• Daniel Zehnder

Body-Worn Cameras and Use of Force

April 24, 2016



I recently had the opportunity to co-host a workshop on Body-Worn Cameras and Use of Force at the 2016 BJA Body-Worn Camera Training and Technical Assistance National Meeting, April 18-19, hosted by CNA Analysis & Solutions in Washington DC. This was a gathering of all the 72 agencies from around the country that had been awarded funding the 2016 BJA BWC Pilot Implementation Program Grant. I spoke about the implications of BWCs on use of force and how an agency’s “use of force culture” would now be documented by the cameras. BWC presence is a critical piece of use of force documentation. Ensuring a comprehensive policy, either in an agency’s use of force or BWC policy, that clearly outlines this integrated documentation process is essential.
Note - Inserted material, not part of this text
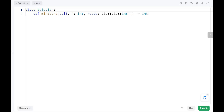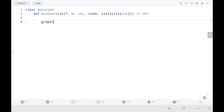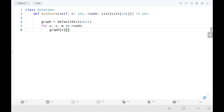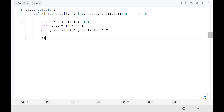Now we will see the code. Initially I will create the graph using a default dictionary. We take city A and city B and the corresponding distance from the roads input. We create the representation of the bidirectional graph for both cities and their corresponding weight. Then we initialize the minimum score as infinity.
This is absolutely critical in the case of deadly force. Detailed procedures must be outlined of the handling, processing, and documentation of BWC recordings in the instance of deadly force. I also spoke about BWCs as a vital part of the risk management process: identification,assessment,mitigation,evaluation and revision. Finally, I spoke about the great potential BWCs have to aid an agency in analyzing many aspects of use of force policy, procedures, and training. Any agency deploying BWCs must understand the importance of the relationship of BWCs and use of force. Both body policies and all related procedures must be fully integrated.